Peccato che il racconto sia stato tagliato del suo incipit, anche perché I versetti che precedono potrebbero alludere - so che fantastico - a un clima di paese. Eccoli: "Ecco come avvenne la nascita di Gesù Cristo: sua madre Maria, essendo promessa sposa di Giuseppe, prima che andassero a vivere insieme si trovò incinta per opera dello Spirito Santo. Giuseppe suo sposo, che era giusto e non voleva ripudiarla, decise di licenziarla in segreto. Mentre però stava pensando a queste cose, ecco che gli apparve in sogno un angelo del Signore". Giuseppe, quella sera, era andato a dormire. Pensate al subbuglio che gli era rimasto nel cuore, dopo le parole di Maria. Lui la amava, già marito e moglie per i protocolli.

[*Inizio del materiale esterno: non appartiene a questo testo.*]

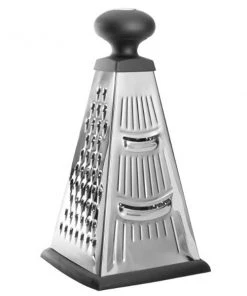 BergHOFF Essentials 10" Stainless Steel 4-Sided Pyramid Grater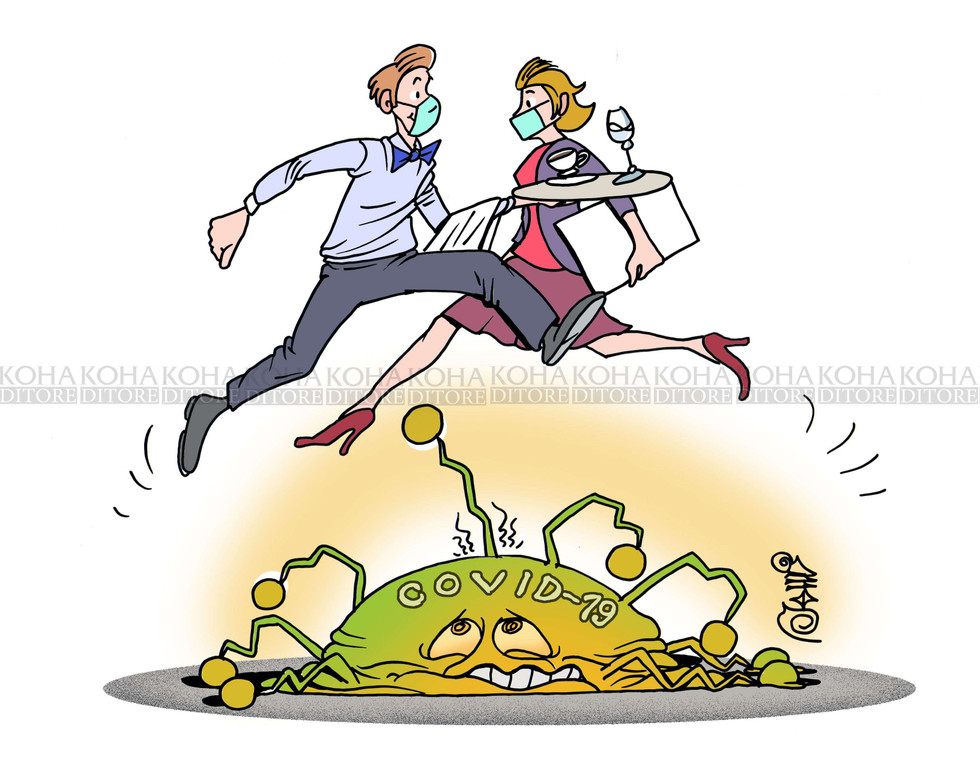 Karikatura e ditës - 1 qershor 2021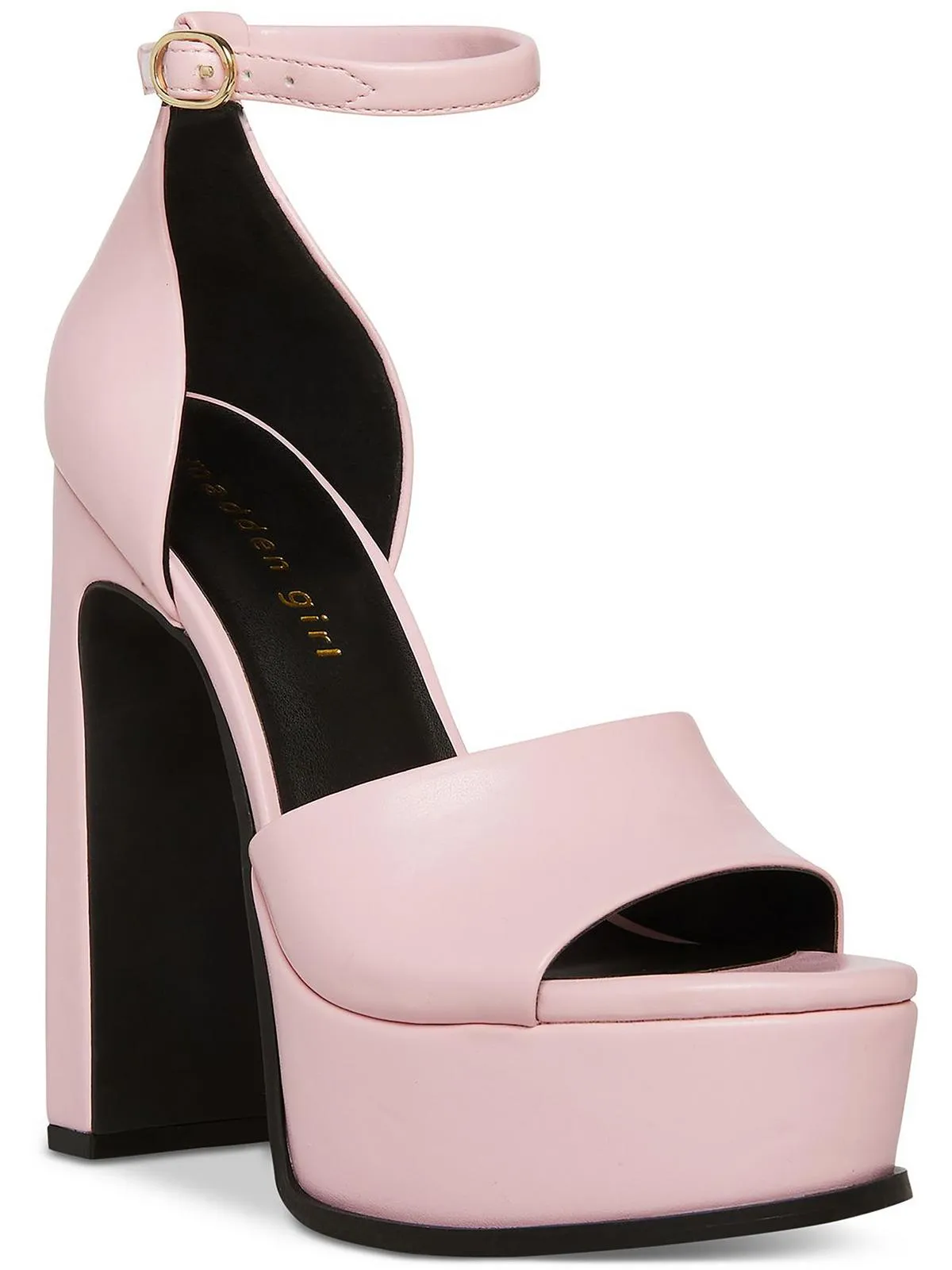 Babydoll  Womens Dressy Open Toe Platform Sandals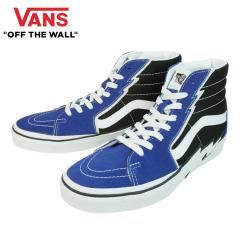 �o���Y VANS ���@���YSK8-HI BOLT �X�P�[�g�n�C �X�P�[�^�[�n�C �{���gTRUE BLUE/BLACK �g�D���[�u���[ �u���b�N�� �� �� ��� �T���_�[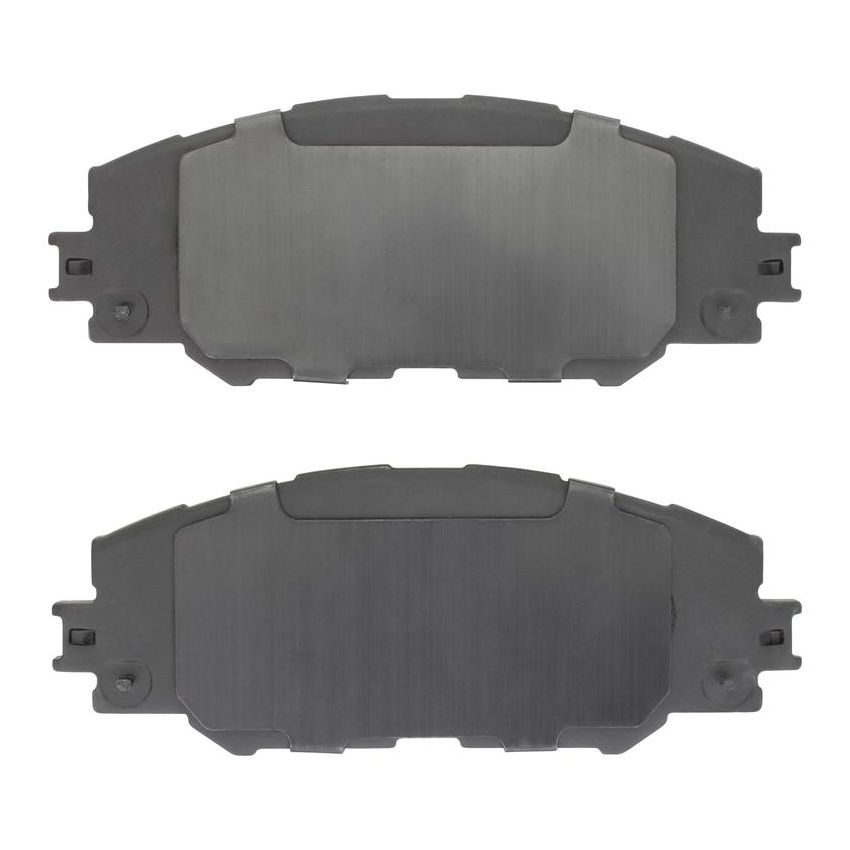 MPA 1000-1211M QB Semi-Metallic Brake Pads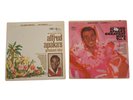 Alfred Apaka Greatest Hits Vol 1 & 2 Vinyl Record LP: #1 T-2088, #2 M-11877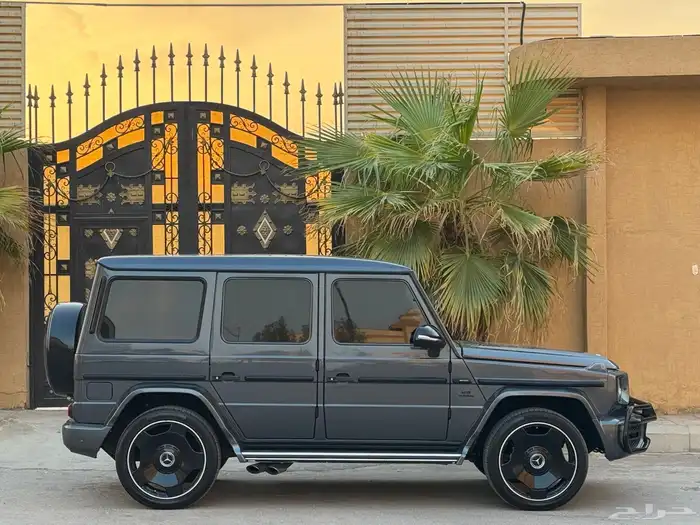 مرسيدس G63 2013مرهم 2025 بحالة ممتازة 10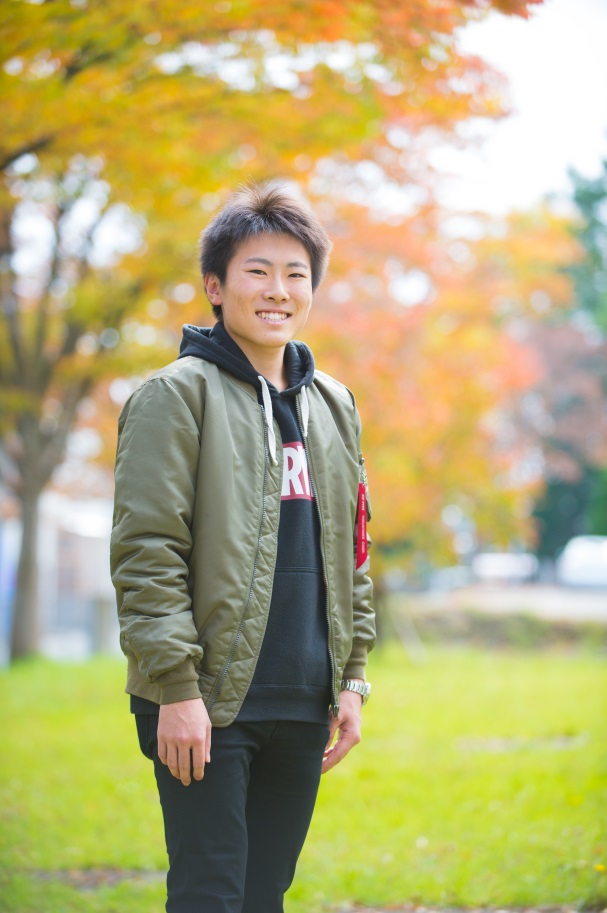 長橋 颯さん 写真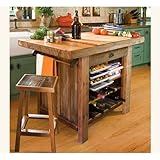 Barnwood Barstool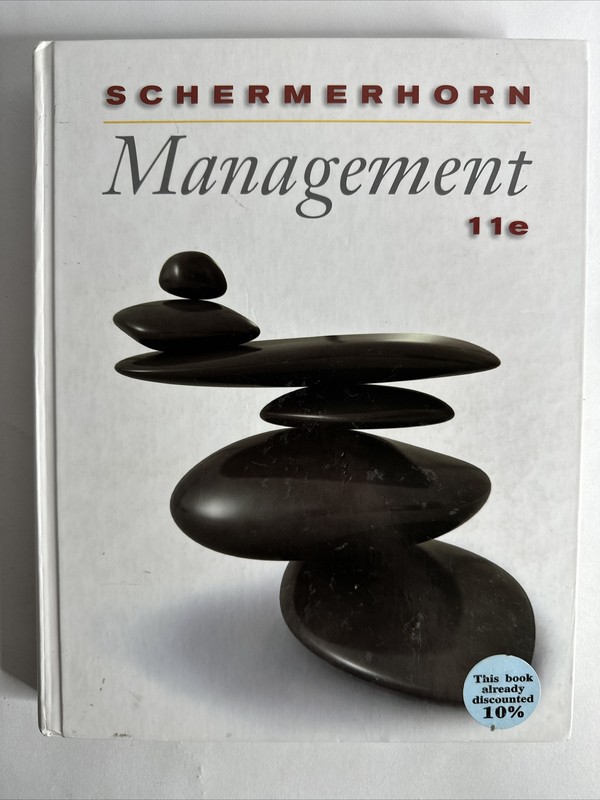Management by John R. Schermerhorn Jr. (2012, Hardcover) 11e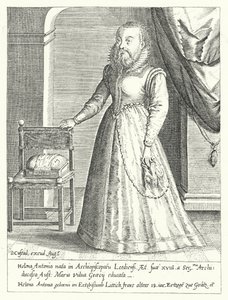 Helena Antonia de Lieja, la enana barbuda de la corte de María de Austria, Emperatriz del Sacro Imperio Romano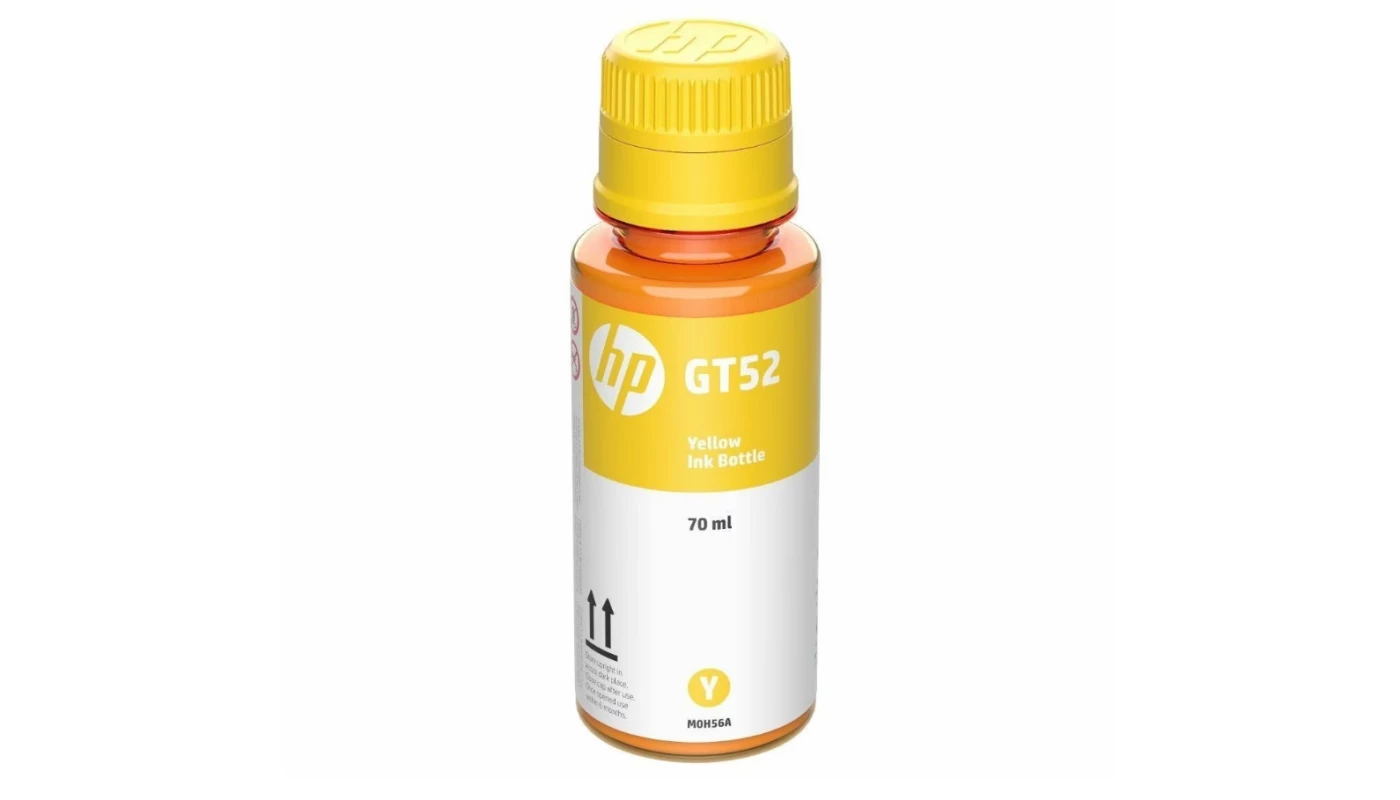Hp Tinta Gt52 Amarillo Gt5820 / It115 / It415 / St450 /St455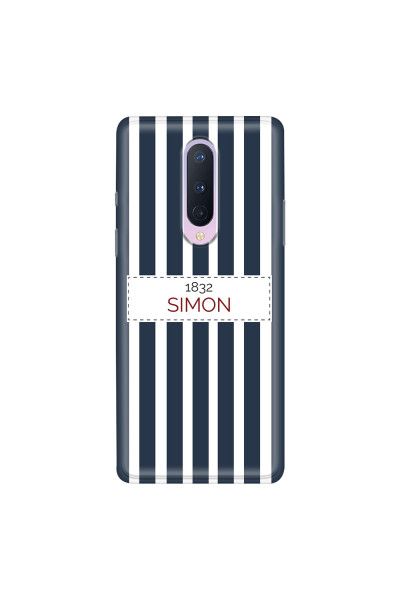 ONEPLUS - OnePlus 8 - Soft Clear Case - Prison Suit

Ma non era tanto per i protocolli. Di una come lei come non ci si poteva innamorare e pensarsi insieme per una vita? Rimuginava strade. Poi l'angelo. Che fosse tutto vero a lui lo avevano detto, da prima dell'angelo, quegli occhi. Ma Immaginate nel piccolo paese, dove per meschinità si contano i giorni e i conti non tornano, diffidenze e sospetti, il chiacchiericcio, di cui parla spesso papa Francesco. E Giuseppe? Hanno tagliato anche l'ultimo versetto: "prese con sé la sua sposa". Non vince lo squallore della diffidenza. Vince la fiducia.

La fiducia che è humus, genera vita.